Con il rilascio degli ostaggi, si può ufficialmente dare per avviata l'esecuzione dell'accordo tra Hamas ed Israele per la conclusione definitiva degli attacchi.
Se sembra, a corrente alternata, affievolirsi la tensione nella striscia di Gaza, a rimanere elevati sono i toni con cui esperti, politici, professori, ma anche e soprattutto l'opinione pubblica, continuano a scontrarsi sul tema.
Il raggiungimento di un'intesa (seppur preliminare e, come detto, contornata di dubbi e perplessità), avrebbe dovuto unire la maggioranza delle parti coinvolte nel dibattito pubblico, sotto la bandiera del cessate il fuoco e delle file di camion presenti al valico di Rafah pronti ad arrivare in Palestina.
La realtà invece ci mostra imperterrita il suo lato peggiore.
Non credo sia un'eresia affermare che alcuni personaggi auto-elevatesi come sostenitori della causa palestinese avrebbero preferito assistere ad una prosecuzione del contenzioso, pur di continuare ad attaccare il governo di Giorgia Meloni.

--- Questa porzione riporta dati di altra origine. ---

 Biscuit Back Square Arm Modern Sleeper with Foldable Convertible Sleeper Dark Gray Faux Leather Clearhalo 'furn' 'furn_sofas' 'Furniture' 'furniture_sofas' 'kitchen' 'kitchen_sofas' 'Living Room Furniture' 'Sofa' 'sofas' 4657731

La postura assunta dalla maggioranza può essere criticata, non condivisa; delle scelte sono state discutibili, altre decisamente sbagliate. Bisogna però essere chiari: l'Italia, ma più in generale l'Europa, in queste trattative sono contate "come il due di coppe quando regna bastoni". Per dirla alla Trump, "non hanno mai avuto le carte", o forse hanno deciso di non pescarle, per poter realmente incidere nelle negoziazioni.
La tragedia dei Gazzawi, purtroppo, ha dato a tanti sciacalli la possibilità di farsi spazio, strumentalizzando la causa per attaccare i gruppi politici, o nei peggiori dei casi per spaccare le vetrine della stazione di Milano. Va sottolineato come quest'ultimo gruppo di persone resti, comunque, una minoranza.
Tuttavia esiste, ed è proprio questa porzione di oratori (nel caso delle vetrine di criminali) a degradare il dibattito. Si cerca di polarizzare una questione che, per sua natura, non può far altro che generare solidarietà e vicinanza.
Anche il caso del genocidio palestinese, invece, è caduto nel tifo da stadio camuffato nell'interesse o nel racconto dell'attualità. Il tifo, però, è intrinsecamente fazioso. In alcuni sport divide, nel calcio sfocia addirittura in violenza.
Con Gaza si è dovuta scegliere una fazione, una religione, un Paese, da difendere a prescindere, a spada tratta. Per ottenere la pace, però, servono diplomazia e fermezza.
Donald Trump, con i suoi limiti ed i suoi enormi difetti, ha avvicinato Hamas ed Israele dopo due anni di morte. Resta da osservare con grande attenzione lo sviluppo dell'accordo, della creazione dei due stati, della pace. Si sta assistendo però ad un grande passo in avanti, che andrebbe accolto, legittimato e soprattutto riconosciuto.
Da qualche giorno a Gaza le bombe non cadono più. Sono tornate cinquecento mila persone nelle proprie terre, seppur devastate e trasformatesi in macerie. Dovrebbe essere buonsenso comune sottolineare il miglioramento della situazione.
Eppure ad alcuni questo non basta, non è sufficiente per potersi distaccare un momento da questo grande circo dell'opinionismo.
D'altronde, una loro paladina ha detto al Sindaco di Reggio Emilia che si sarebbe dovuto scusare per aver definito la liberazione degli ostaggi israeliani come parte "fondamentale per il raggiungimento di un accordo".
Si vive in un mondo i cui o si è bianchi o si è neri, dove non esistono equilibrio, spirito critico e onestà intellettuale. Si fa a gara a chi alza di più la voce, senza la volontà di comprendere.
Non c'è poi da stupirsi di chi ci rappresenta. Ogni popolo ha il governo che si merita.